### RECORDS TO PROCESS
Content starts

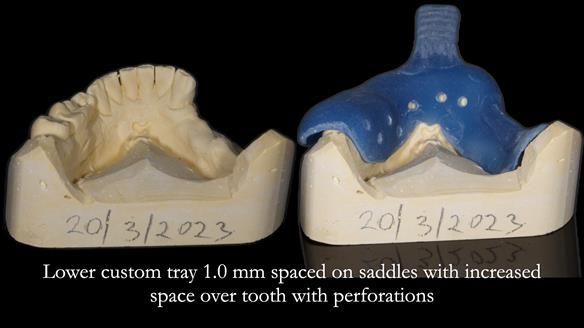 Finlay's Newsletter 61 provision of a lower unilateral free end saddle metal based partial denture for Joyce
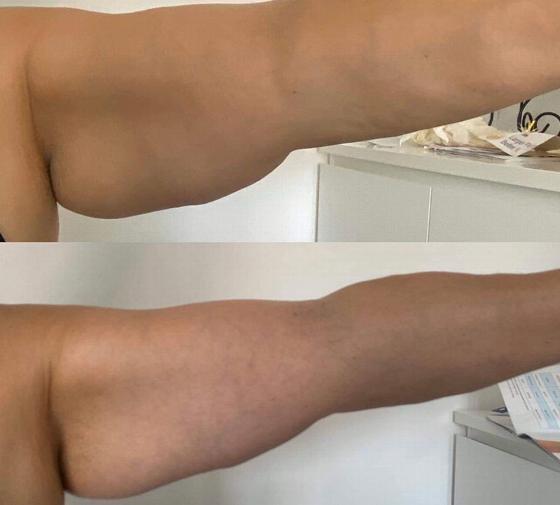 female figure measuring waist with tape against blue background showcasing body positivity and fitness for 4 different measurements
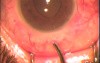 Fugo Blade Used In Glaucoma Surgery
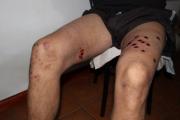 La policía rompió el portón, lo detuvo, le fracturo el brazo, y ahora no puede explicar por qué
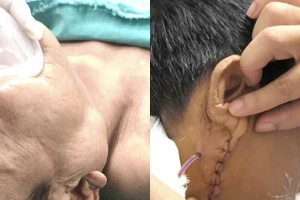 Hình ảnh bệnh nhân trước và sau phẫu thuật. Ảnh: BVCC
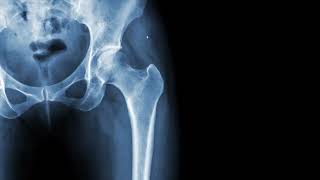 left hip Xray soft tissues iliofemoral ligament gluteal muscles puborectalis [upl. by Nwadal]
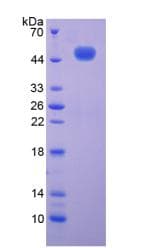Mouse Complement C9 Protein (Recombinant His-T7)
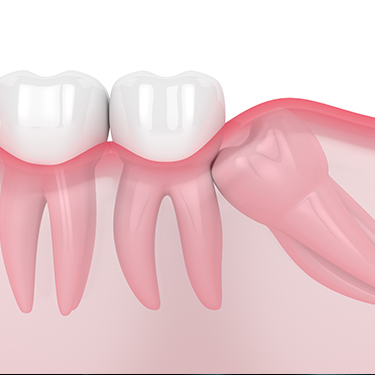 3 D rendering of impacted wisdom tooth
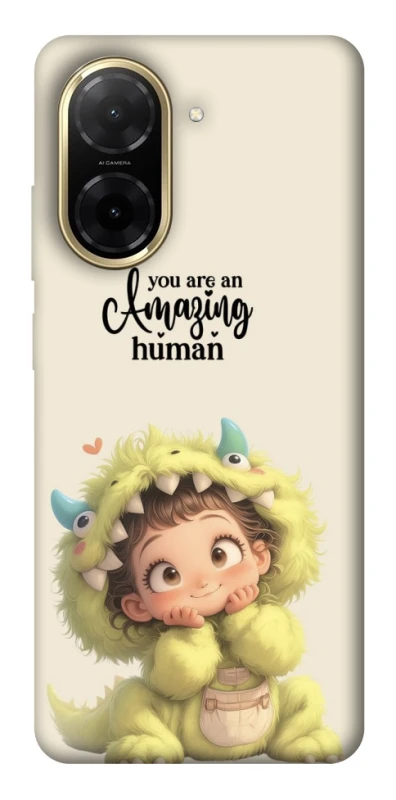 Чохол на Xiaomi Redmi A5 (Europe version) You are amazing фото 1 з 1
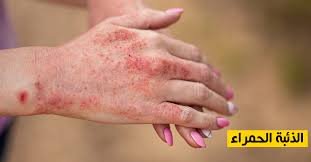 ما هو الذئبة؟ صورة توضيحية لأعراض مرض الذئبة الحمراء وتأثيره على الجسم.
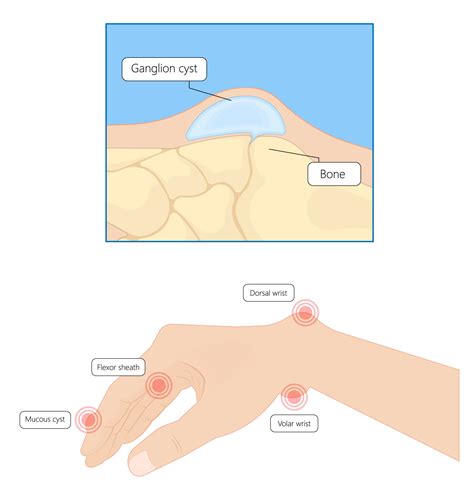 Hand And Wrist Ganglion Cysts Orthosport Victoria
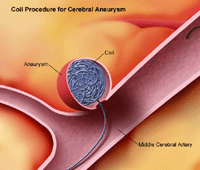 Illustration of coil procedure for intracranial aneurysm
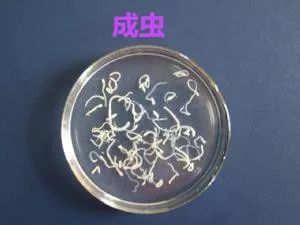 肛门痒有蛲虫子用什么药,小孩屁股痒有蛲虫怎么止痒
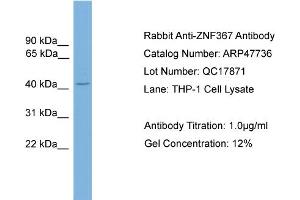 WB Suggested Anti-ZNF367  Antibody Titration: 0. (ZNF367 antibody  (C-Term))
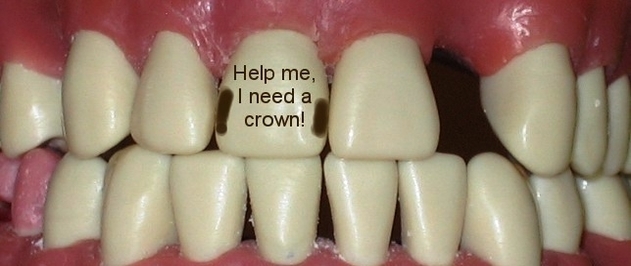 dental crown tooth before
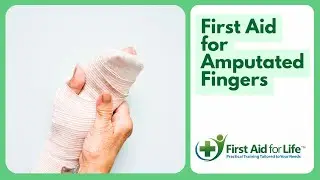 First Aid for Bruised or Amputated Fingers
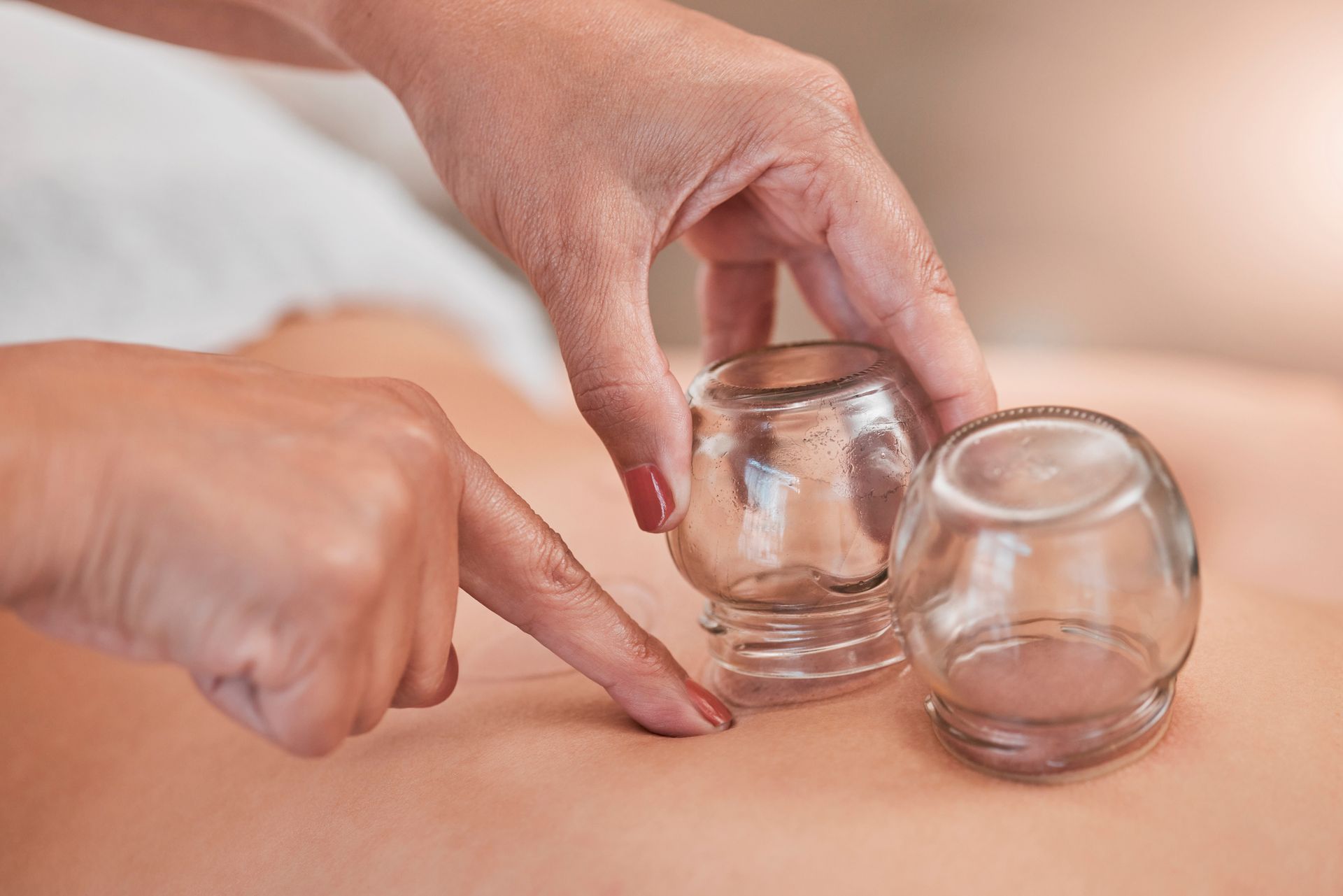 Hands placing glass cups on a person's back for cupping therapy.
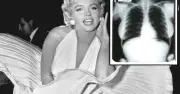 Đấu giá phim X-quang của Marilyn Monroe gây tranh cãi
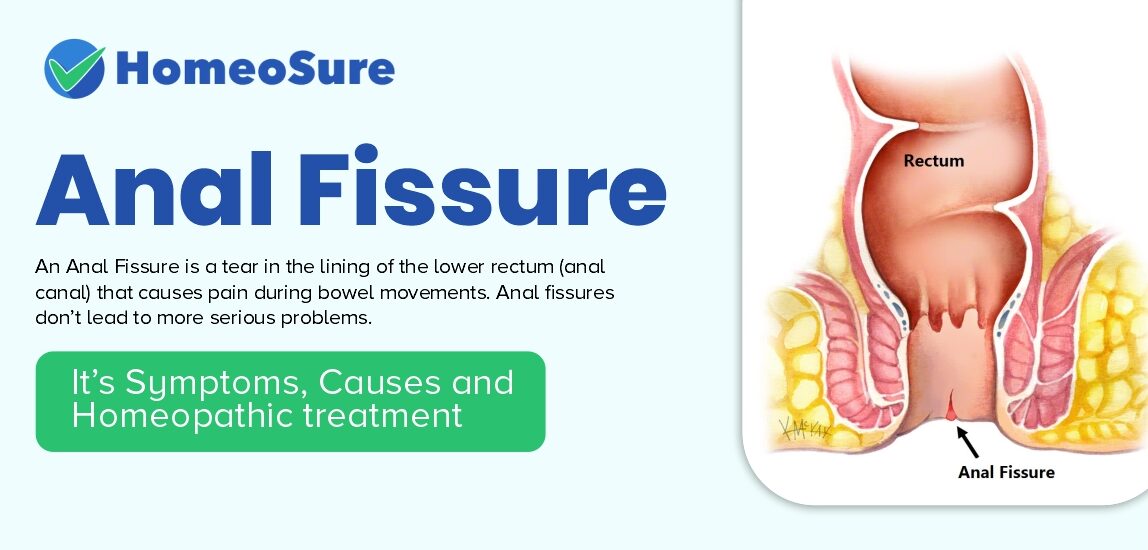  Anal Fissure Treatment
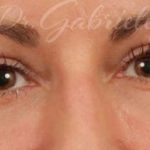Blepharoplasty Before & After Patient #710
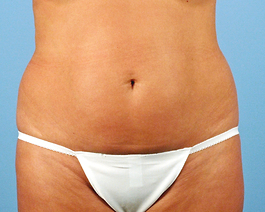 Liposuction Before and After | Dr. Thomas Hubbard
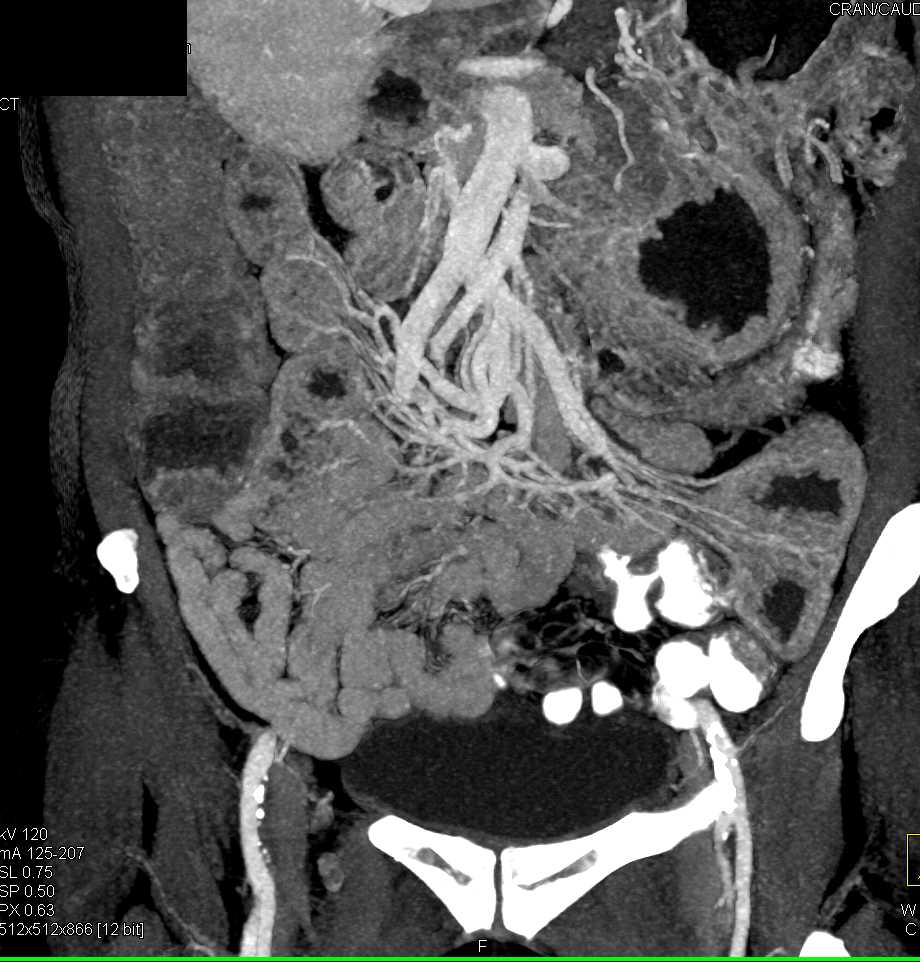 Inflammed Small Bowel - CTisus CT Scan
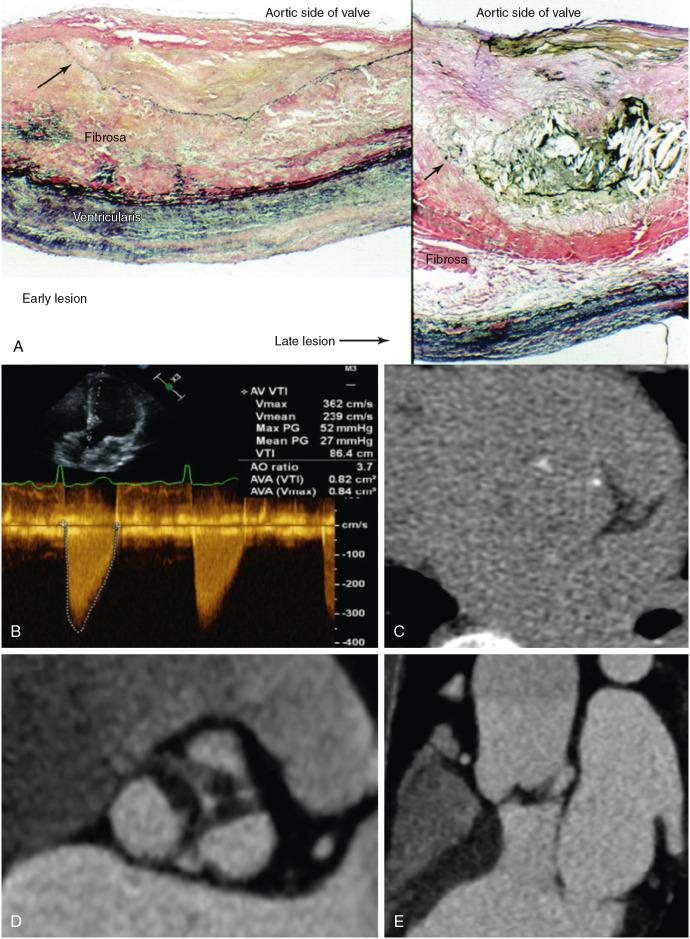 Fig. 3.3, Role of Valvular Fibrosis in Aortic Stenosis.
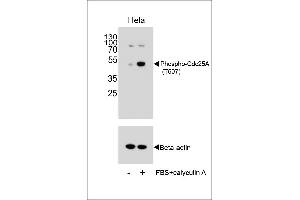 Western blot analysis of extracts from Hela cells, untreated or treated with calyculin A, using Phospho-Cdc25A Antibody .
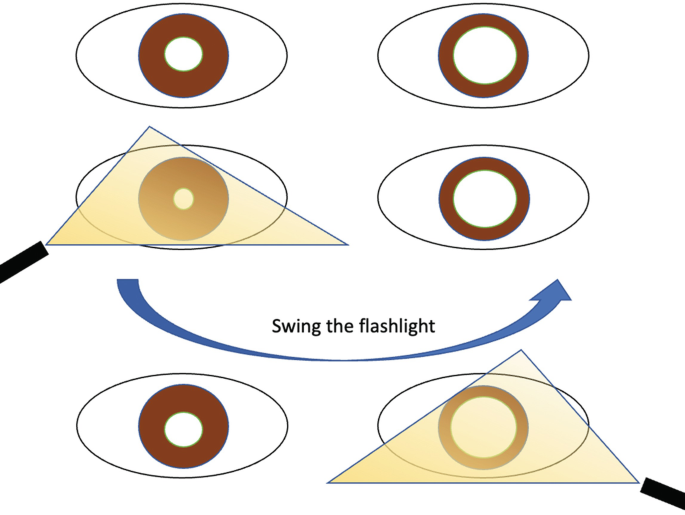 The Pupil and Pupillary Reflexes SpringerLink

Content ends

### WORK REQUIRED
In the listing above, find the line with "肛门痒有蛲虫子用什么药,小孩屁股痒有蛲虫怎么止痒" and the line with "Liposuction Before and". Copy exactly those lines and all between them, minus the images.

### OUTPUT FOR THIS TASK
 肛门痒有蛲虫子用什么药,小孩屁股痒有蛲虫怎么止痒
 WB Suggested Anti-ZNF367  Antibody Titration: 0. (ZNF367 antibody  (C-Term))
 dental crown tooth before
 First Aid for Bruised or Amputated Fingers
 Hands placing glass cups on a person's back for cupping therapy.
 Đấu giá phim X-quang của Marilyn Monroe gây tranh cãi
  Anal Fissure Treatment
Blepharoplasty Before & After Patient #710
 Liposuction Before and After | Dr. Thomas Hubbard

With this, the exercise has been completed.